As an exercise, copy out the entries exactly as written.

_Data for review_
☆ ☆ ☆ ☆ ☆
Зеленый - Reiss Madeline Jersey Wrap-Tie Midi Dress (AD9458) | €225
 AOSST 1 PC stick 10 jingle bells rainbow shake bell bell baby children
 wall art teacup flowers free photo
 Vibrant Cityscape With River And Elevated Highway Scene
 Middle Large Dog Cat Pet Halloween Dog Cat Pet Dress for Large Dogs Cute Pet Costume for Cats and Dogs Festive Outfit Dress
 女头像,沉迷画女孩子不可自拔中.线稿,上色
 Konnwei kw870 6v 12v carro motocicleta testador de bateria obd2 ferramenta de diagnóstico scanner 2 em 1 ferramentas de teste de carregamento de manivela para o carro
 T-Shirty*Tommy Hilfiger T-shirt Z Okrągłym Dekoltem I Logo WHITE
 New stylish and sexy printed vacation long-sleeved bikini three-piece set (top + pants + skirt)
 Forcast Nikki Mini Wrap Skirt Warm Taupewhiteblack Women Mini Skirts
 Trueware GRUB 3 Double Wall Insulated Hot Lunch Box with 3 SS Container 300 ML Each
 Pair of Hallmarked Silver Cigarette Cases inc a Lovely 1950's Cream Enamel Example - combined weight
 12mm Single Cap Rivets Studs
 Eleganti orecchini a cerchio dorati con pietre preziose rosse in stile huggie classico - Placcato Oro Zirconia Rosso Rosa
☆ ☆ ☆ ☆ ☆
_Result_
Зеленый - Reiss Madeline Jersey Wrap-Tie Midi Dress (AD9458) | €225
 AOSST 1 PC stick 10 jingle bells rainbow shake bell bell baby children
 wall art teacup flowers free photo
 Vibrant Cityscape With River And Elevated Highway Scene
 Middle Large Dog Cat Pet Halloween Dog Cat Pet Dress for Large Dogs Cute Pet Costume for Cats and Dogs Festive Outfit Dress
 女头像,沉迷画女孩子不可自拔中.线稿,上色
 Konnwei kw870 6v 12v carro motocicleta testador de bateria obd2 ferramenta de diagnóstico scanner 2 em 1 ferramentas de teste de carregamento de manivela para o carro
 T-Shirty*Tommy Hilfiger T-shirt Z Okrągłym Dekoltem I Logo WHITE
 New stylish and sexy printed vacation long-sleeved bikini three-piece set (top + pants + skirt)
 Forcast Nikki Mini Wrap Skirt Warm Taupewhiteblack Women Mini Skirts
 Trueware GRUB 3 Double Wall Insulated Hot Lunch Box with 3 SS Container 300 ML Each
 Pair of Hallmarked Silver Cigarette Cases inc a Lovely 1950's Cream Enamel Example - combined weight
 12mm Single Cap Rivets Studs
 Eleganti orecchini a cerchio dorati con pietre preziose rosse in stile huggie classico - Placcato Oro Zirconia Rosso Rosa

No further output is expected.